Apart from the pictures, every entry should be reproduced exactly.

DATA FOR PROCESSING |
◆ ◆ ◆
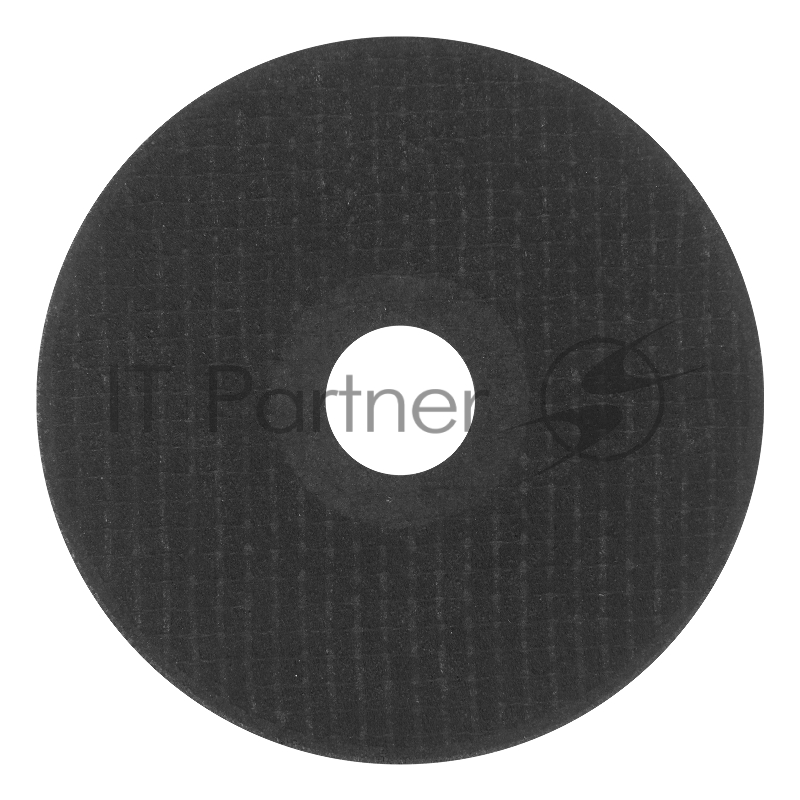 Круг отрезной по металлу, 115 х 1,2 х 22,2 мм, WA60TBF// Denzel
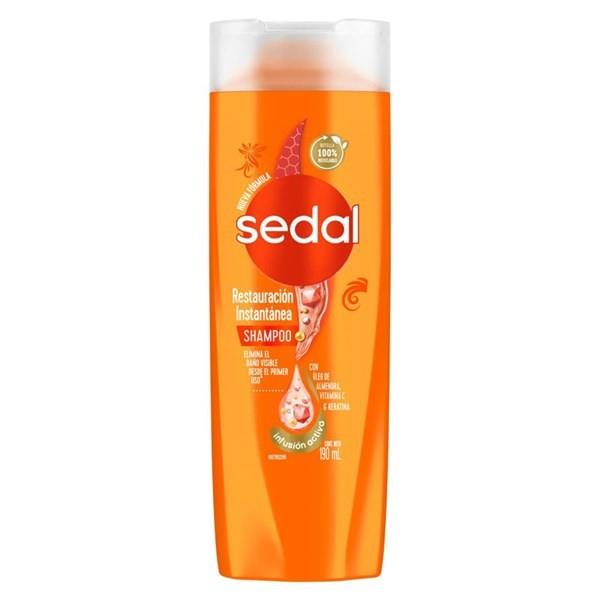 SEDAL SH RESTAURACION INTANTANEA 190ML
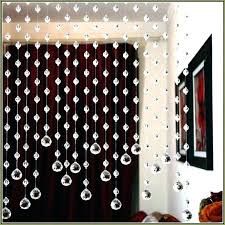 Cut Beaded Curtains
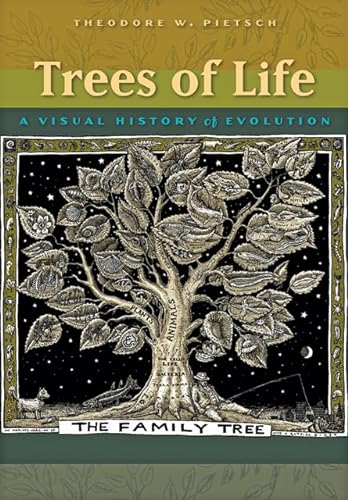 9781421411859: Trees of Life:: A Visual History of Evolution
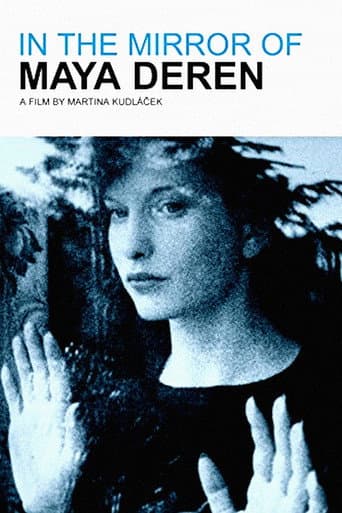 Affiche du film Im Spiegel der Maya Deren (2002)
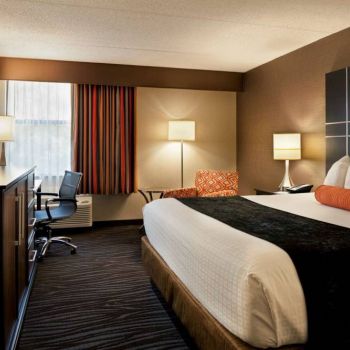 Hotel Best Western Plus BWI Airport Arundel Mills image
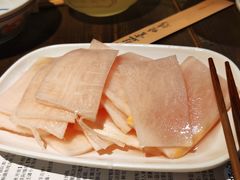 泡菜萝卜-盟重烧烤(东瓜山创始店)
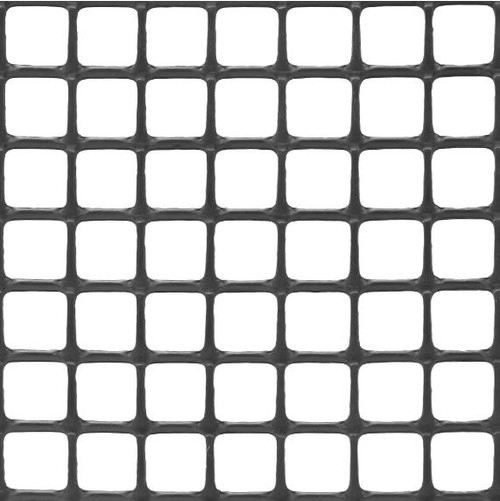 Tenax Hardware Net 3' x 15' Black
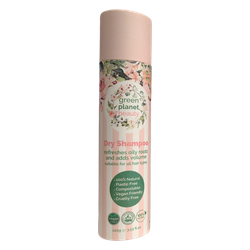 Green Planet Beauty Talc-Free Dry Shampoo Powder 100g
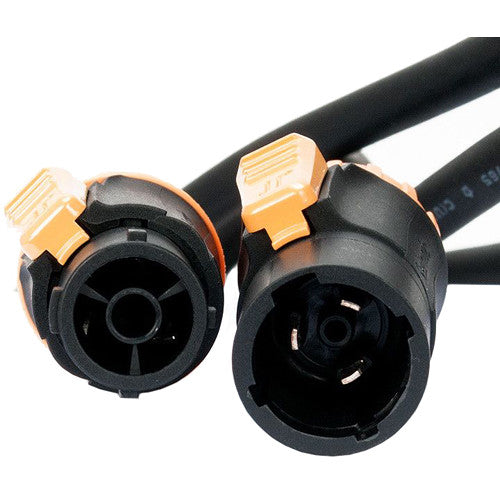 American DJ SIP152 IP65 Power Link Cable - 16'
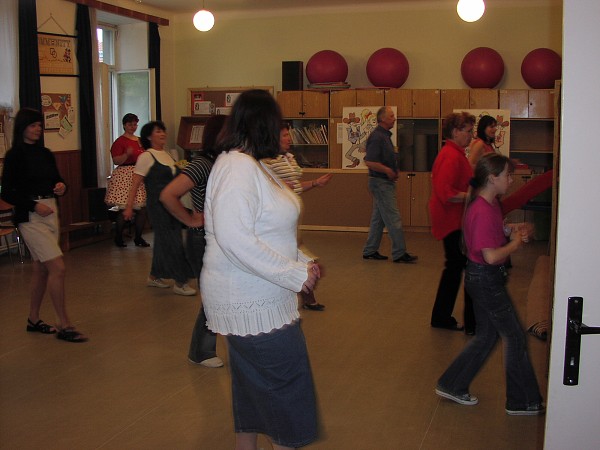 Line Dance Party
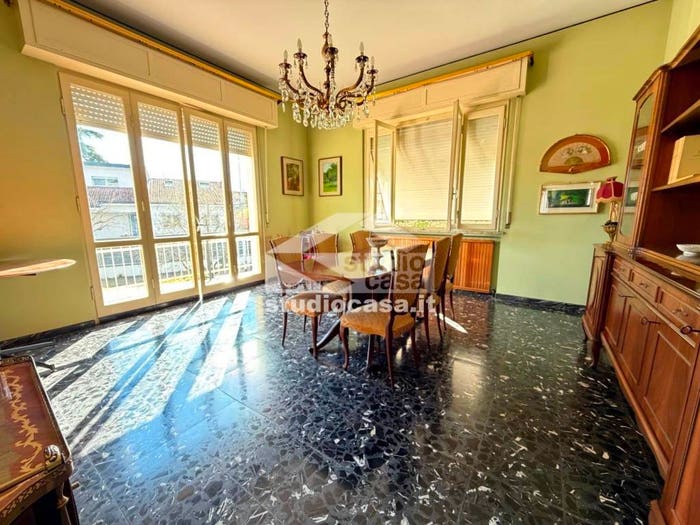 Casa quadrilocale in vendita in Via Cappellazzi, Semicentro, Crema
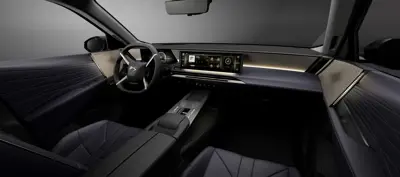 DS N°7 E-Tense AWD Long Range - Gallery Image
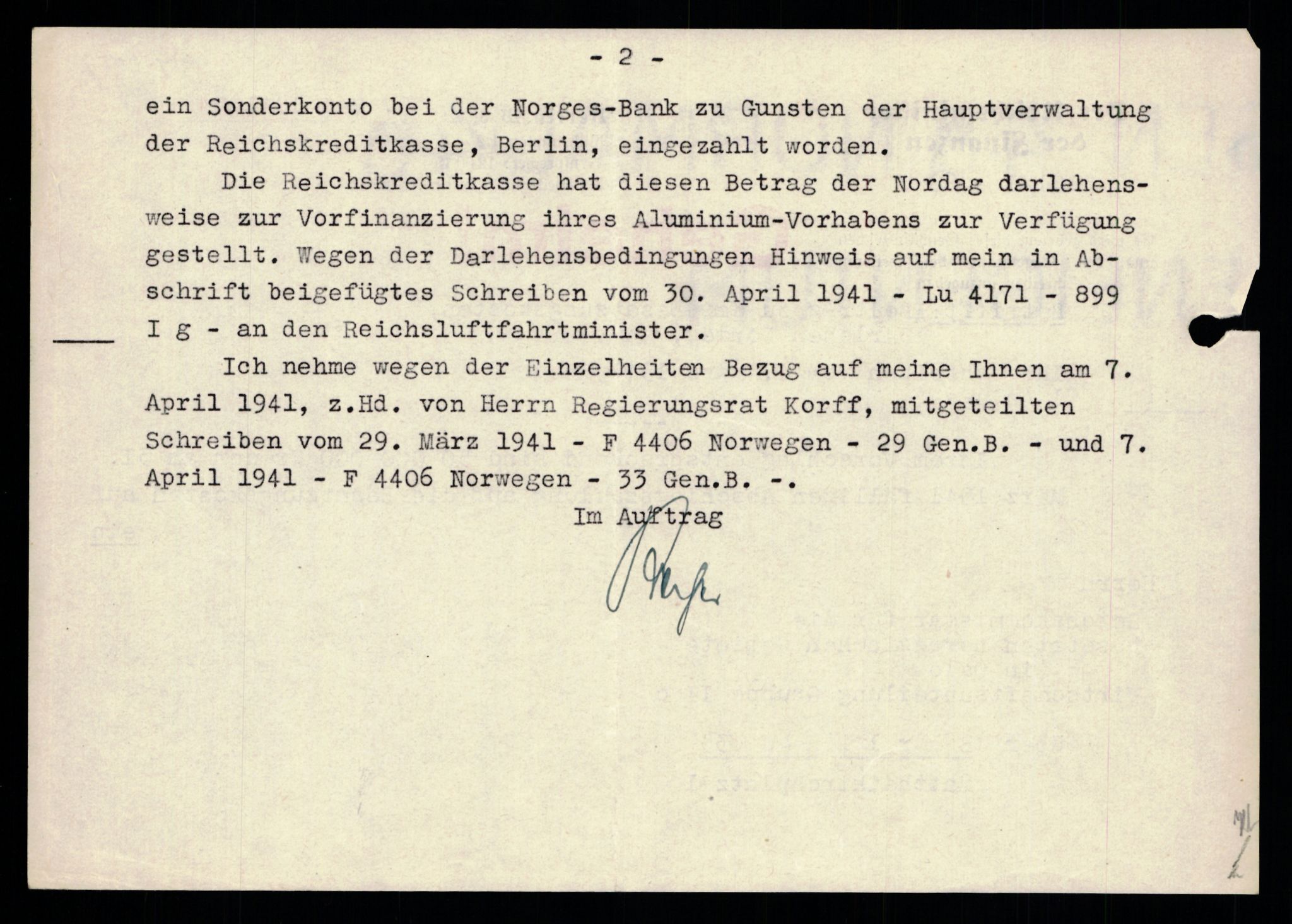 Forsvarets Overkommando. 2 kontor. Arkiv 11.4. Spredte tyske arkivsaker, AV/RA-RAFA-7031/D/Dar/Darb/L0003: Reichskommissariat - Hauptabteilung Vervaltung, 1940-1945, s. 148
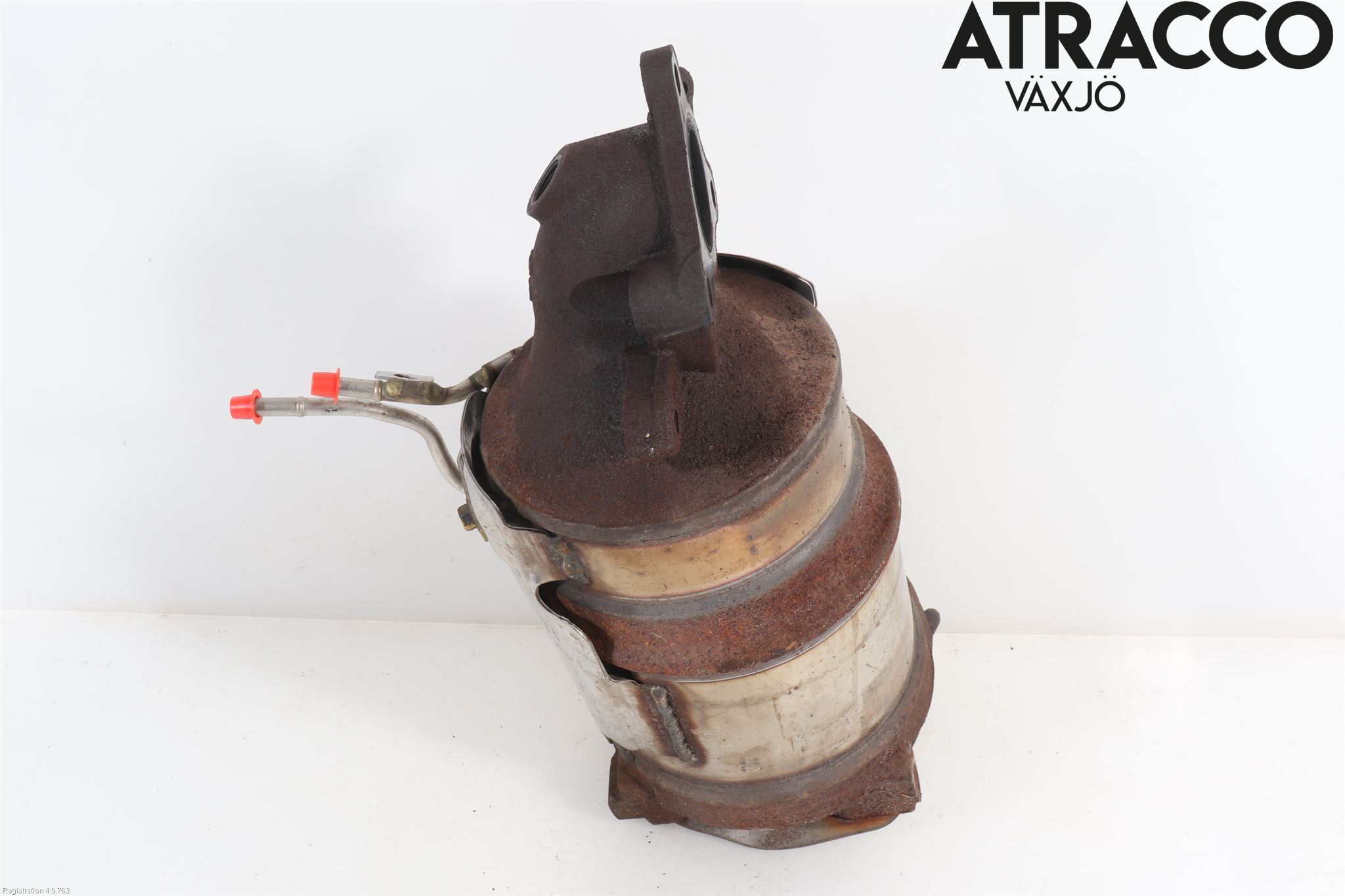 Hyundai i30 GD 13-17 Avgas Partikelfilter
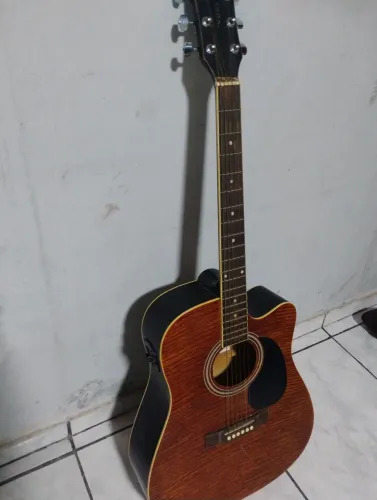 Violão Vogga VCK 370mf
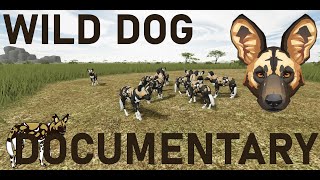 Roblox  Testing A | WILD DOG DOCUMENTARY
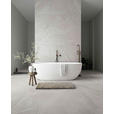 BADEMATTE Taupe 60/100 cm  - Taupe, Basics, Kunststoff/Textil (60/100cm) - Esposa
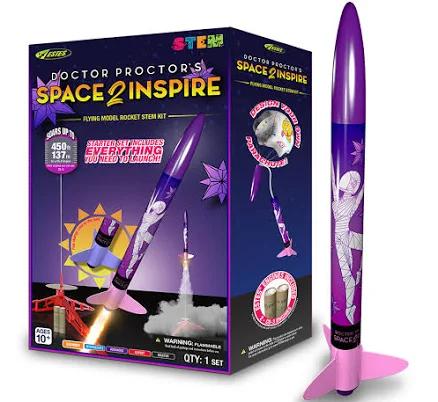 Estes Space2Inspire STEM Kit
◆ ◆ ◆
SOLUTION TO THIS EXERCISE |
 Круг отрезной по металлу, 115 х 1,2 х 22,2 мм, WA60TBF// Denzel
 SEDAL SH RESTAURACION INTANTANEA 190ML
 Cut Beaded Curtains
 9781421411859: Trees of Life:: A Visual History of Evolution
 Affiche du film Im Spiegel der Maya Deren (2002)
 Hotel Best Western Plus BWI Airport Arundel Mills image
 泡菜萝卜-盟重烧烤(东瓜山创始店)
 Tenax Hardware Net 3' x 15' Black
 Green Planet Beauty Talc-Free Dry Shampoo Powder 100g
 American DJ SIP152 IP65 Power Link Cable - 16'
 Line Dance Party
 Casa quadrilocale in vendita in Via Cappellazzi, Semicentro, Crema
 DS N°7 E-Tense AWD Long Range - Gallery Image
 Forsvarets Overkommando. 2 kontor. Arkiv 11.4. Spredte tyske arkivsaker, AV/RA-RAFA-7031/D/Dar/Darb/L0003: Reichskommissariat - Hauptabteilung Vervaltung, 1940-1945, s. 148
 Hyundai i30 GD 13-17 Avgas Partikelfilter
 Violão Vogga VCK 370mf
 Roblox  Testing A | WILD DOG DOCUMENTARY
 BADEMATTE Taupe 60/100 cm  - Taupe, Basics, Kunststoff/Textil (60/100cm) - Esposa
 Estes Space2Inspire STEM Kit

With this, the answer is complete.